Regarder ce que dit la presse de l’entreprise et de ses services : un petit saut sur l’espace presse d’une entreprise peut être assez intéressant, même si les articles publiés sont souvent triés sur le volet. Plus instructif encore, vous pouvez vous lancer dans une recherche Google pour voir comment l’entreprise est référencée et ce qui ressort en premier !
2. Sonder les canaux “officieux” pour interroger la vérité
Maintenant que vous avez pu collecter les informations que l’entreprise a bien voulu mettre à disposition de manière officielle, vous pouvez mener votre petite enquête pour confronter ces données à la réalité !
Suivre le parcours client : si vous postulez dans une entreprise de produits ou services B2C, il peut être amusant de suivre le parcours client avant de la rejoindre. Une bonne façon de tester, en situation, l’éventuel écart entre discours et réalité en ce qui concerne la relation client ! Le service client est-il vraiment réactif ? Le produit est-il qualitatif ou, en tous cas, à la hauteur des promesses ? Pas toujours facile de se faire passer pour un client discrètement quand l’entreprise est minuscule, on vous l’accorde.
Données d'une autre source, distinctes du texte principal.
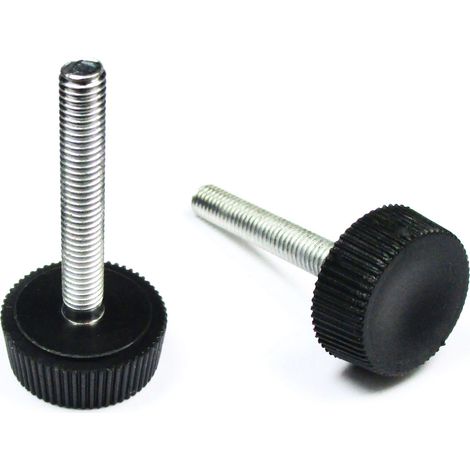 Ajile – Pied Réglable MOLETÉ – Base Plastique NOIR Diamètre 20 mm Épaisseur 7,8 mm, et Tige Filetée en Acier Zingué Diamètre 5 mm (M5) de Longueur 30 mm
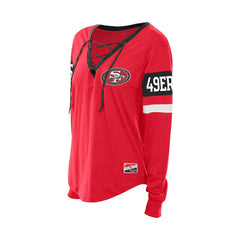 San Francisco 49ers New Era Women's Throwback Lace-Up Long-Sleeve T-Shirt Scarlet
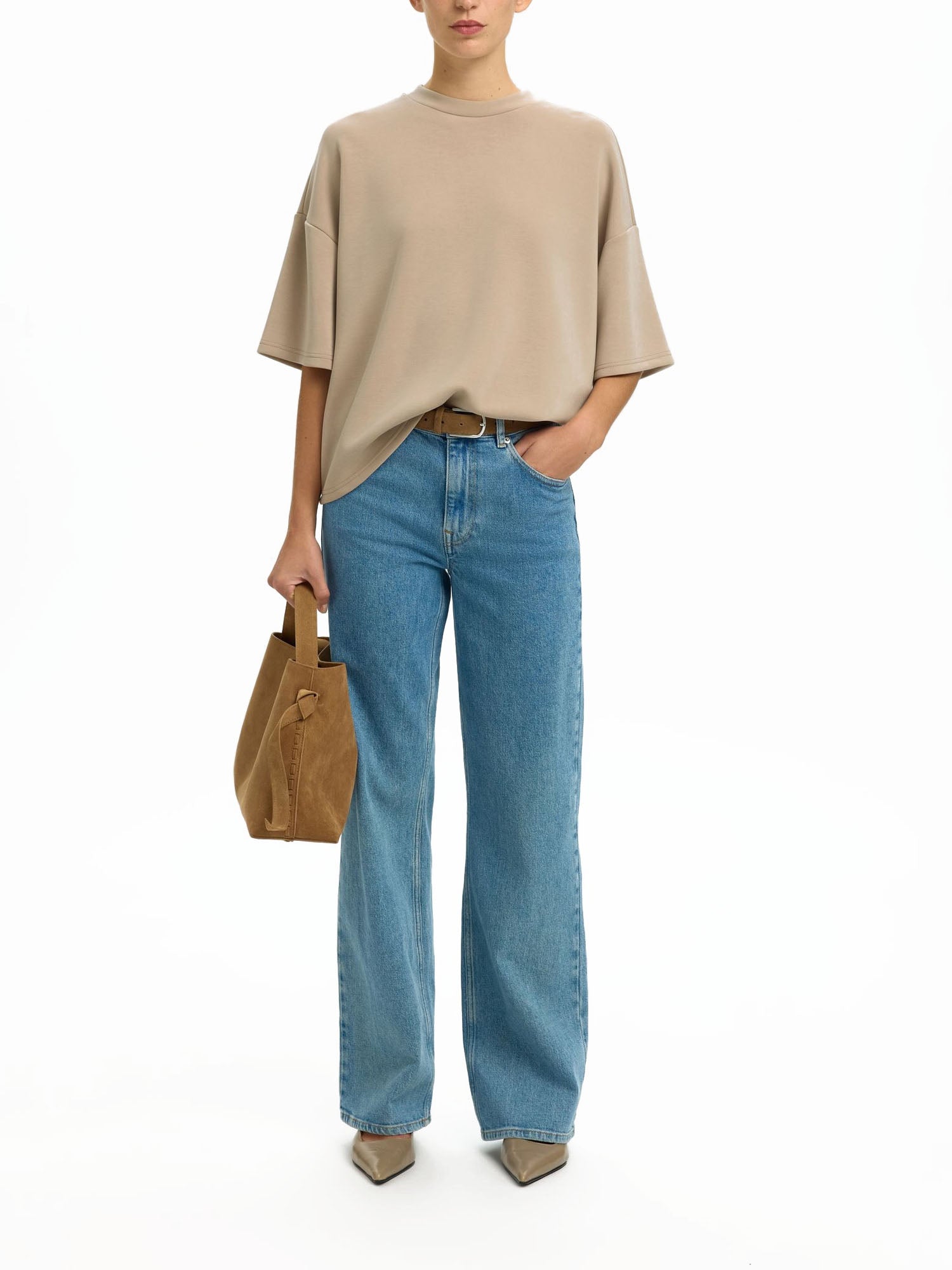 Selected T-shirt Tenny Noos Beige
Mais il peut être vraiment pertinent de vous intéresser de plus près aux produits ou aux services en amont. Pour savoir où vous mettez les pieds, mais aussi, par la suite, pour pouvoir en parler lors de vos éventuels entretiens.
Echanger avec un salarié de l’entreprise : vous pouvez essayer de vous rapprocher d’un collaborateur ou d’un ancien collaborateur pour avoir ses impressions sur le fonctionnement de l’entreprise. Vous pouvez bien sûr contacter soigneusement ces personnes via LinkedIn, ou via votre réseau. Gardez cependant bien en tête que l’avis d’un salarié ou d’un ancien salarié est forcément subjectif, et doit être recoupé avec d’autres informations.
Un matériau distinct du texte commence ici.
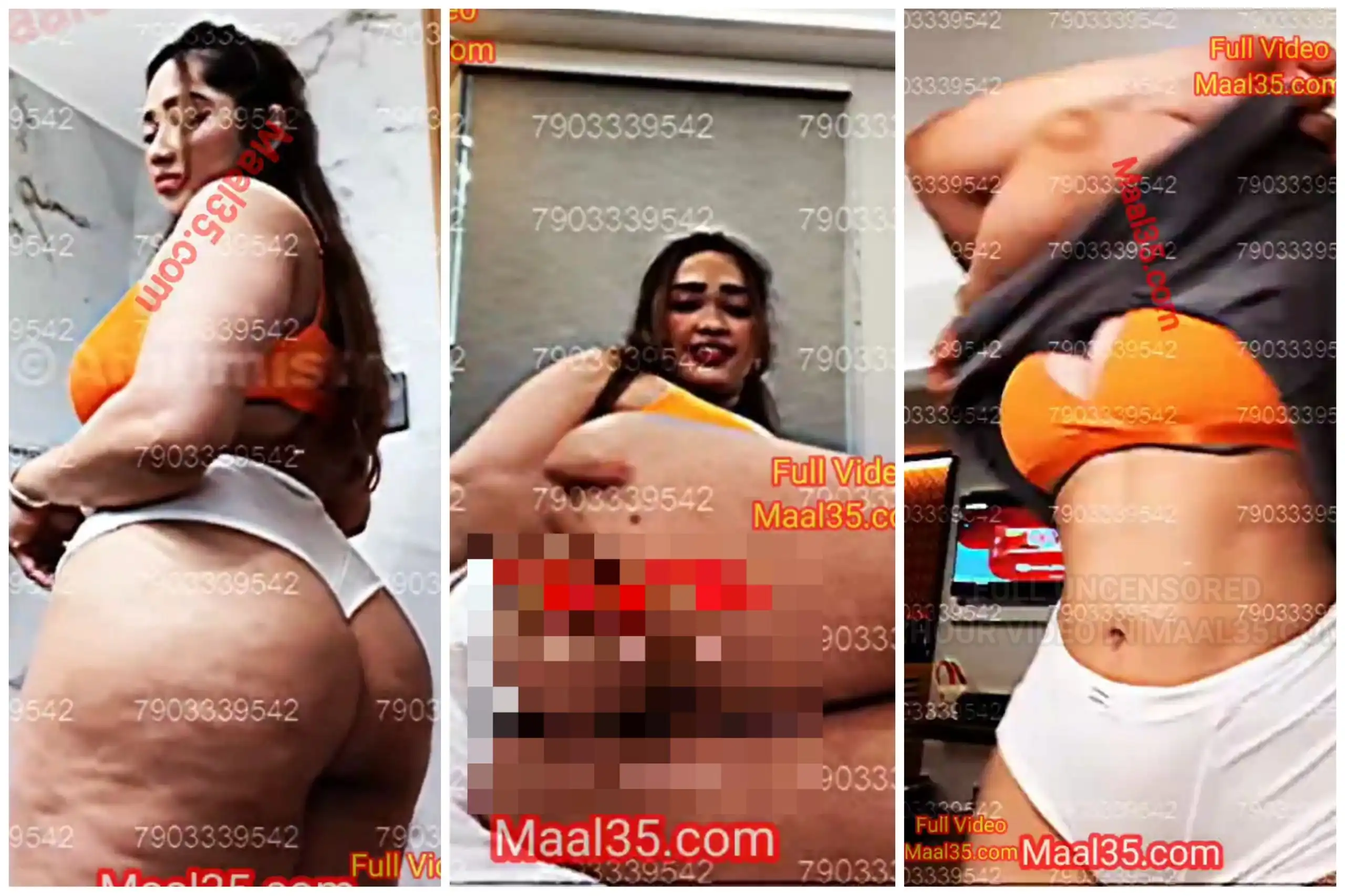Aditi Mistry New Orange Bikni Live Braless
S’intéresser aux dirigeants : quel est le lien entre le patron et l’engagement de l’entreprise, vous demandez-vous ? Tout ! Une volonté de s’engager de manière concrète et durable émerge le plus souvent de la direction. Qui sont les éléments du comité de direction ? Qui est au capital ? Quels sont les engagements personnels et professionnels des directeurs ? Ces données peuvent être autant d’indices qui peuvent aller dans le sens de la cohérence… ou non !
Se renseigner sur ses éventuels labels : certains labels reconnus sont de réels gages de qualité et d’engagement des entreprises au service de la protection de l’environnement ou de la qualité de vie au travail. On peut citer par exemple les labels B-Corp, Great Place to work, ou la norme ISO 26000 en ce qui concerne la responsabilité sociale et sociétale des entreprises ou l’engagement 1% for the planet en ce qui concerne l’engagement environnemental des entreprises.
Interroger l’historique de ses crises : vous souhaitez vérifier que l’entreprise ne traîne pas de casseroles ? Vous pouvez parfois investiguer via une simple recherche, en tapant par exemple, dans votre barre de recherche, le nom de l’entreprise + un mot tel que “crise”, “attaque”, “scandale”. Une solution efficace pour détecter les mauvais buzz dans la presse ou ailleurs : certaines associations de consommateurs, de défense de l’environnement ou autres syndicats sont très actives pour démasquer les mauvais élèves !
Aller faire un tour sur les réseaux sociaux : vous y trouverez la communication stratégique que l’entreprise a choisi de mettre en place - alors demandez-vous : quelles sont les thématiques abordées dans les publications ? Quelle est la place accordée aux engagements, à la RSE ? etc. Mais c’est aussi sur les réseaux sociaux que vous pourrez observer la manière dont l’entreprise a l’habitude de répondre à ses clients ou éventuels détracteurs en ligne, ce qui veut dire beaucoup sur son état d’esprit.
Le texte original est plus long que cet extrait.